インヘルノとも。キリスト教の伝承の地獄。
後からでてきた考え方の煉獄(ブルガトリウム)と違い、救済されることのない地獄。永劫の苦しみを受ける場所。
ただ民間では地獄、煉獄の意味は混同されていることが多いという。
ラテン語インフェルヌスinfernusが元で、イタリア語。ダンテの『神曲』全三巻の第一巻の書名になって広まったという。
ラテン語としては「下(の世界)the lower (world)」「より低くlower」といった意味。
ヘブライ語聖書ではシオウル(窖、洞窟、子宮の意)が地獄を指す語。
1374年の古フランス語infernalの記録もある。しかしより古くはローマ時代の言葉で、インフェルニが地下に住む
死者の霊魂、インフェルヌスが死者の国、地獄とされていた。
初期キリスト教の教会文書にもみられる。ハーデスの冥界の概念と結びつき怖ろしい懲罰の場になったようだ。

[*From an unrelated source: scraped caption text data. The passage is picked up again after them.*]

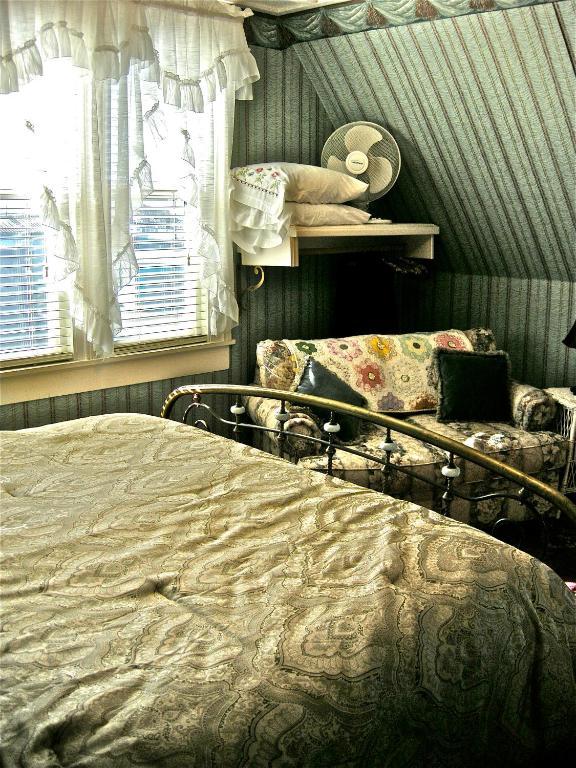 The Old Tower House Bed & Breakfast Северен Бенд Стая снимка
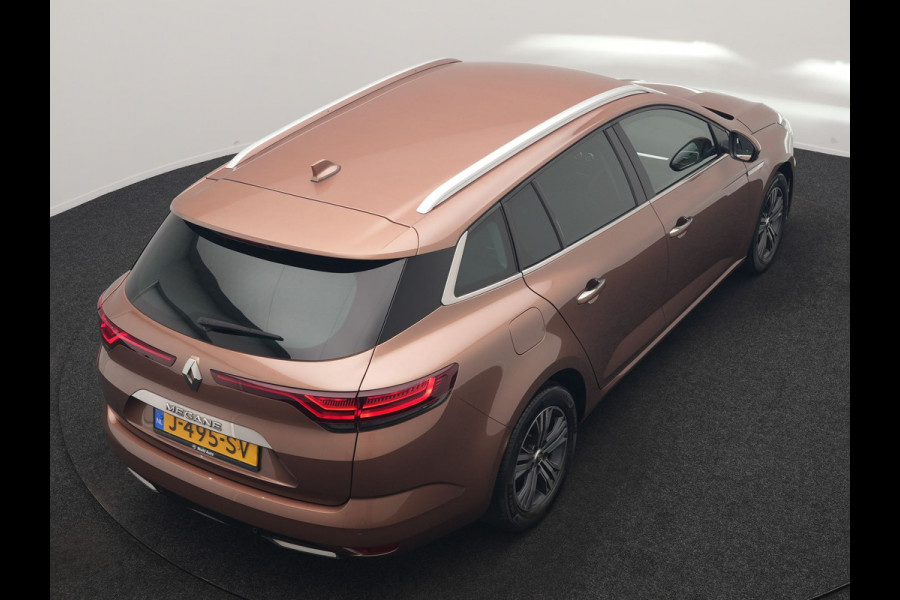 Renault Mégane Estate 1.3 TCe Intens 141pk | Trekhaak | Keyless Entry | Sfeerverlichting | LED Koplampen | Cruise Control | Navigatie | DAB | Lane Assist | Climate Control |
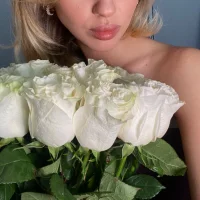 SusieBloom's Profile Pic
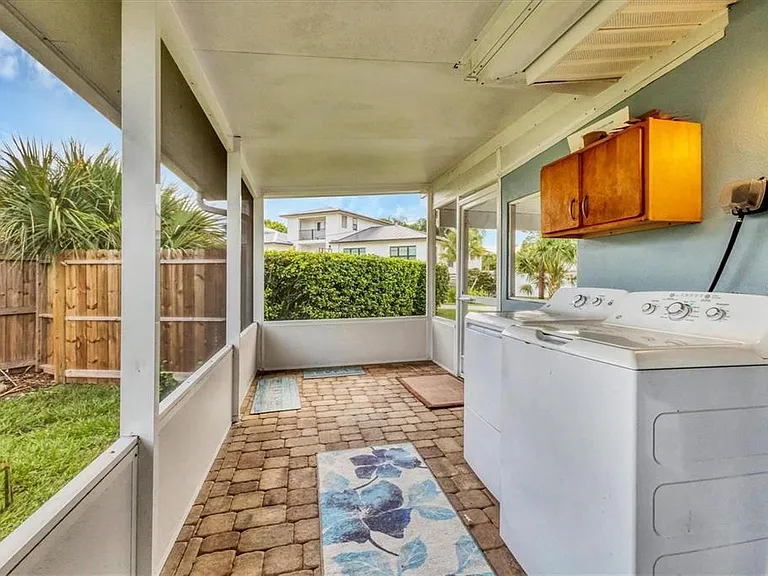 1686 Chapline Ln — Photo 23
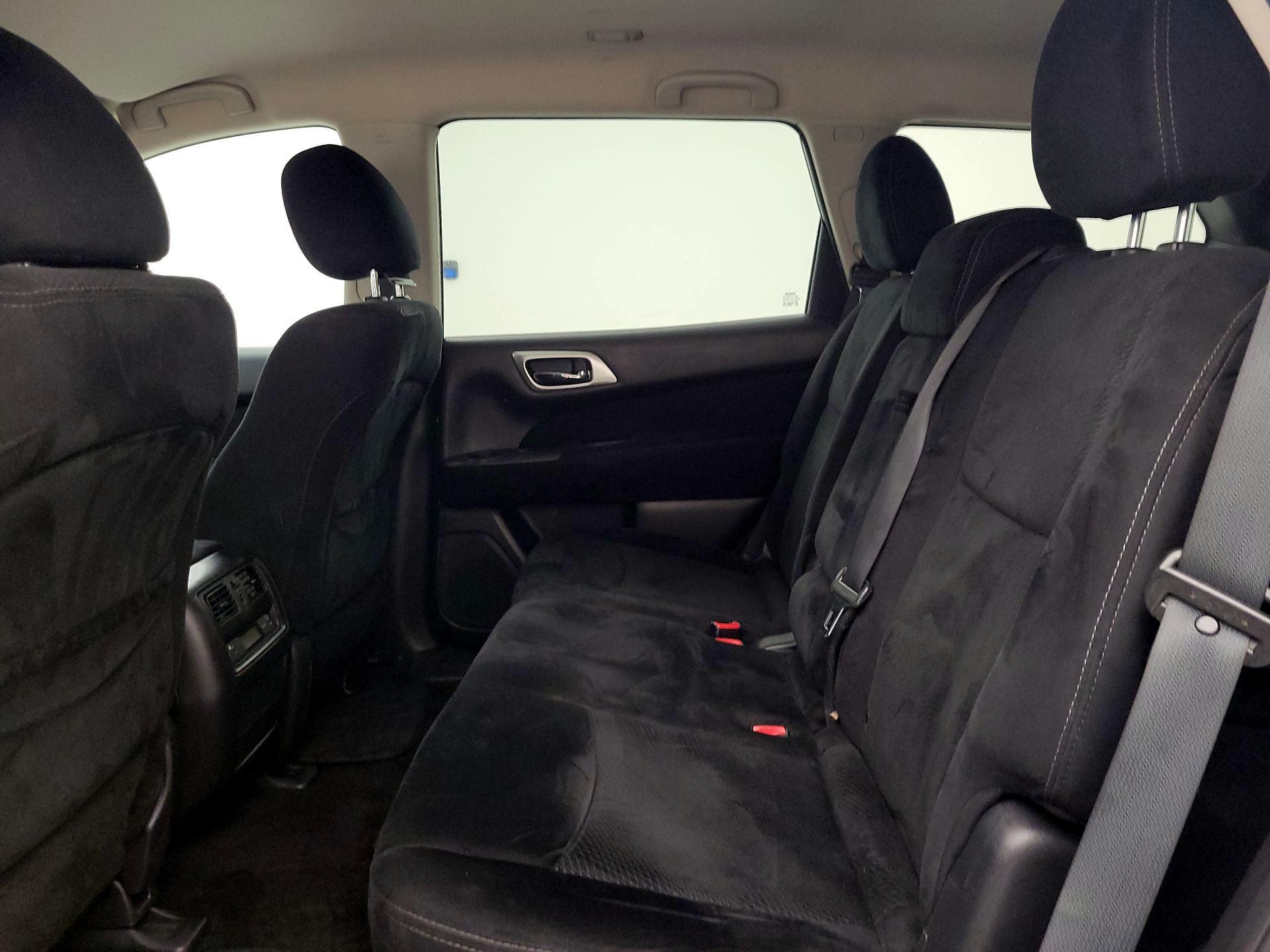 Thumbnail: 2014 Nissan Pathfinder - 19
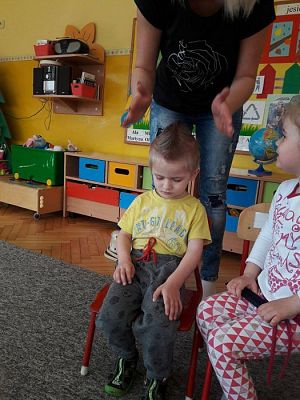 Grafika #2: 20.04.2017 Gr.I - Poznajemy zawody naszych rodziców - "Zawód fryzjerka"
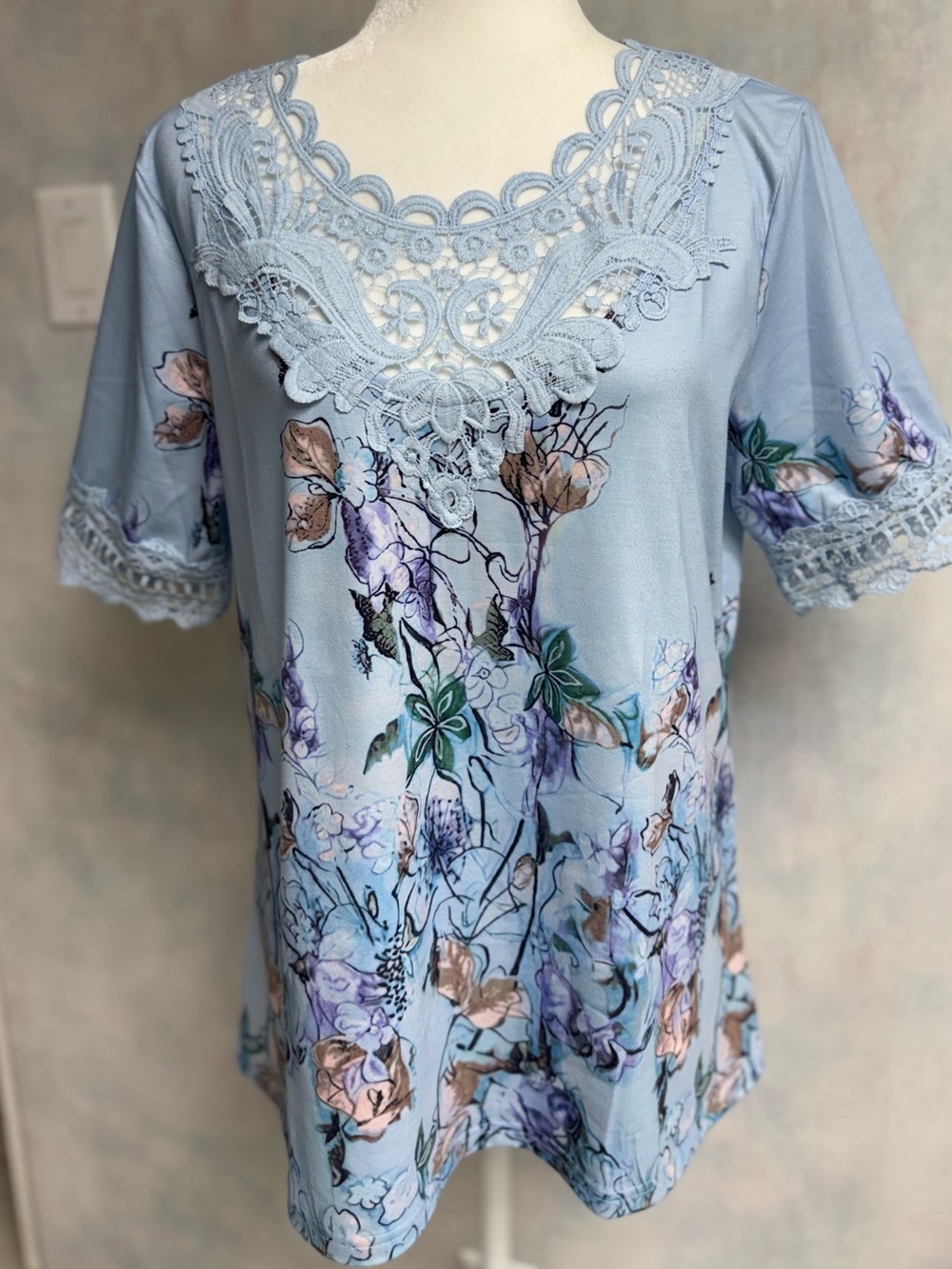 NWOT Lace Front Baby Blue Floral Top, Short Sleeves and Cuffs have Lace Too!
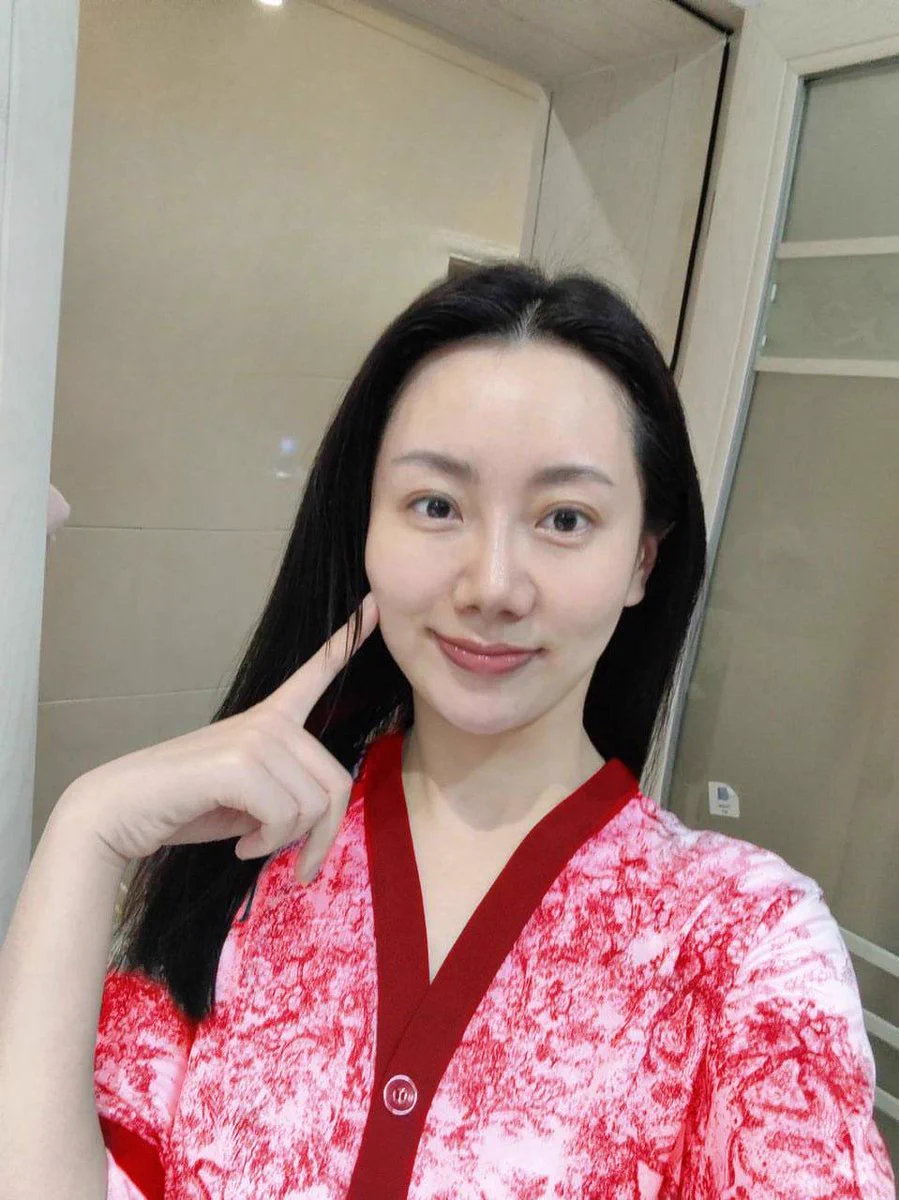 比起做爱的枯燥，我更喜欢有一场完美的前戏～想要从头到脚的爱抚，滋润我每一个敏感地带，在我淫水泛滥的时候直击我的花心…这种用心且被完美把控的前戏只有大叔才会给我吧～今天穿着丝滑的睡衣拍了很多私密照，想要的点赞➕私信，想约的注明来意（会玩的大叔优先～） https://t.co/a7ni6EWHrY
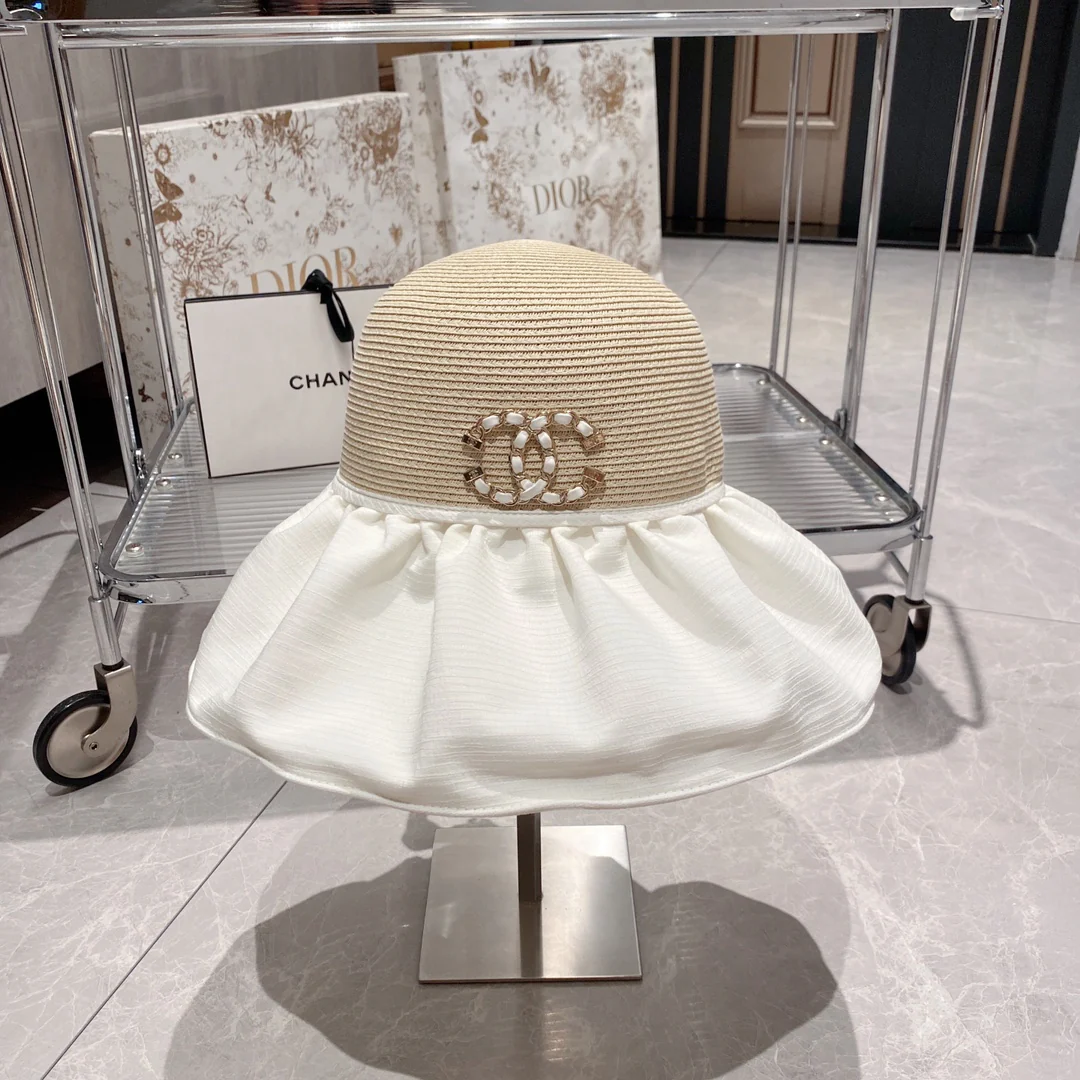 Новинка сезона весна/лето 2023 от Chanel - Соломенная шляпа - Солнцезащитная шляпа - Белая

キリスト教的には地獄=ヘルHell(古英語「隠された」「暗い穴」)という呼称とも混在していったようだ。
また他の地獄のイメージとしてはゲヘナ、タルタロスを参照。
後期ラテン後の属格infernalis(下部領域のof the lower regions)からデーモン(悪魔)の巣窟に関わる形容詞infernalが生まれた。
ダンテの神曲から、形容詞Infernoが1834年以降英語で使われるようになったとも。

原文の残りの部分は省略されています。